La incompatibilidad laboral aparece como principal razón en la retirada de Jacobo Trigo. “Uno ve que no disfruta tanto del fútbol porque va corriendo a todas partes y no dedica el tiempo necesario de descanso, con todo lo que eso conlleva en forma de lesiones”, reconoce. El ya exjugador del Coruxo trabaja en la industria química y ya tenía en mente colgar las botas el verano pasado. “Lograron convencerme de que era una año bonito”, recuerda. El caso es que eso implicaba madrugar mucho, pausar la jornada a media mañana para ir a entrenar y reactivarla después. Un no parar. “A mitad de temporada ya veía que las lesiones eran continuas. Viví un sueño pero era el momento de tomar la decisión”, subraya el canterano del Areosa.
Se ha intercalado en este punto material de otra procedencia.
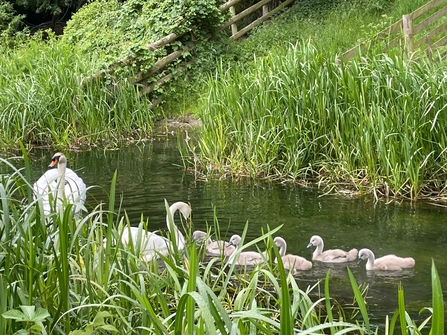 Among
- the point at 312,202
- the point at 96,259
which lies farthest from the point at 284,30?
the point at 96,259

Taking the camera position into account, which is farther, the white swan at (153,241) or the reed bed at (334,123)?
the reed bed at (334,123)

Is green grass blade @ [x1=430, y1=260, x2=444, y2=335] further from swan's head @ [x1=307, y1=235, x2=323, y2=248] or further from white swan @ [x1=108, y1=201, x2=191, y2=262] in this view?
swan's head @ [x1=307, y1=235, x2=323, y2=248]

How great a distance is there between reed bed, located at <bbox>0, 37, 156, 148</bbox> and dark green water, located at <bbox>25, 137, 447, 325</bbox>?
1487 mm

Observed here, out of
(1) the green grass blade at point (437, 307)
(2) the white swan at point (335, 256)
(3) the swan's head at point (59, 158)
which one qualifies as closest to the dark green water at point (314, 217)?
(2) the white swan at point (335, 256)

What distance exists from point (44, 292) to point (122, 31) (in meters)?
13.8

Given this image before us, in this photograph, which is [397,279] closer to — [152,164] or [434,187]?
[434,187]

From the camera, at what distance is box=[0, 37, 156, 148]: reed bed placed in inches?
449

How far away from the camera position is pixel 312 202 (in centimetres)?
781

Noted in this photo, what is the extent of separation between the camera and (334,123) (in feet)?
27.5

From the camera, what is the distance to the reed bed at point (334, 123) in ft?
24.6

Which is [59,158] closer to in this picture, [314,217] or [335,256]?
[314,217]

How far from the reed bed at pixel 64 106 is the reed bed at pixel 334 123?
10.0ft

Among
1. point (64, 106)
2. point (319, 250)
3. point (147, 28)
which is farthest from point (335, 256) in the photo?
point (147, 28)

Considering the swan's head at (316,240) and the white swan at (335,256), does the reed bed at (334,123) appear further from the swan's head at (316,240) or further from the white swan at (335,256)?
the white swan at (335,256)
“Es cierto que podría seguir un par de años más. Incluso podría alargar la carrera bastante más bajando de categoría. Pero me doy cuenta de que no rindo al nivel que espero”, reconoce con un punto de melancolía, dentro de su oceáno de serenidad. “No podía aportarle al equipo lo que yo quería. Es en ese momento cuando tengo claro que hay que dejarle sitio a los más jóvenes”, asume con solemnidad. Pero también con naturalidad.
Sin embargo, los hermanos Montes siguieron confiando en él. Sumó minutos en el centro del campo y acabó el curso de central, supliendo al sancionado Crespo. Todo ello, sabiendo que su viaje tenía última estación. “Es bueno jugar así”, destaca con un tono que denota cierta sorpresa. “Ves que esto se acaba y quieres dejarlo todo”, reflexiona. “Piensas que necesitas vaciarte para acabar bien contigo mismo y con este deporte, al que le has dedicado tanto esfuerzo y por el que has sacrificado tantas cosas”, concluye Jacobo Trigo con la satisfacción de anotarse una misión cumplida.